Short descriptive text snippets:

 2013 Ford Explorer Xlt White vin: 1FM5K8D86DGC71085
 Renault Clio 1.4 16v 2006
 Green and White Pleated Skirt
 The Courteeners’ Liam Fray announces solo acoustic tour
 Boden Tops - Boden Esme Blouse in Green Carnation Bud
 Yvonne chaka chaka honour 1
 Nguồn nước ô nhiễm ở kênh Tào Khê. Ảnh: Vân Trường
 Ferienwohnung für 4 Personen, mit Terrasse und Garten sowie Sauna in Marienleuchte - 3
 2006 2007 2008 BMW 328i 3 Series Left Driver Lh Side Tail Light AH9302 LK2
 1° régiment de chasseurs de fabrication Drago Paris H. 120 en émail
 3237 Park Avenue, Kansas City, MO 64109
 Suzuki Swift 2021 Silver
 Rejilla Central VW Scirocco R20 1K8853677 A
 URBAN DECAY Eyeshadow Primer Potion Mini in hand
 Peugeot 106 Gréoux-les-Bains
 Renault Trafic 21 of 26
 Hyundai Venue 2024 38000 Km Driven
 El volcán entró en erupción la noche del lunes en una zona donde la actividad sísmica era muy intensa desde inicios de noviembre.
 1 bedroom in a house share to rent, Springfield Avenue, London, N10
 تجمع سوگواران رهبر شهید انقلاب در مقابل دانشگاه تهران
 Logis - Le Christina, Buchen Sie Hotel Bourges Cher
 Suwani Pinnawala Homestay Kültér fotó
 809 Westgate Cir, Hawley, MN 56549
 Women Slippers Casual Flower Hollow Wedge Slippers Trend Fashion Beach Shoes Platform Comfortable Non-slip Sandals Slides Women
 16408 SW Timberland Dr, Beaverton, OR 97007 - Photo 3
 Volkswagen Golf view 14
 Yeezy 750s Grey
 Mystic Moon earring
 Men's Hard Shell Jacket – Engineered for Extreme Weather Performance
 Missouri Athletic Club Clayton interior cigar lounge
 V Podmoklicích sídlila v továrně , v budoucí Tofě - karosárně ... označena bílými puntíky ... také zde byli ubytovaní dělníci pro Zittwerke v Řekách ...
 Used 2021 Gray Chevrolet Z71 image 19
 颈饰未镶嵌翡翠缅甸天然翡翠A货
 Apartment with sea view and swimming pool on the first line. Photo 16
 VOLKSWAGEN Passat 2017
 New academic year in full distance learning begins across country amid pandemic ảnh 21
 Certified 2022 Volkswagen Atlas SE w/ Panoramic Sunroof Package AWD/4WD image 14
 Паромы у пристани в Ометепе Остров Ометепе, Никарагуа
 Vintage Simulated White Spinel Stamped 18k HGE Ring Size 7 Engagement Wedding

EXERCISE OBJECTIVE:
For each line above that contains the word "image", make a copy.

RESPONSE TO THE EXERCISE:
 Used 2021 Gray Chevrolet Z71 image 19
 Certified 2022 Volkswagen Atlas SE w/ Panoramic Sunroof Package AWD/4WD image 14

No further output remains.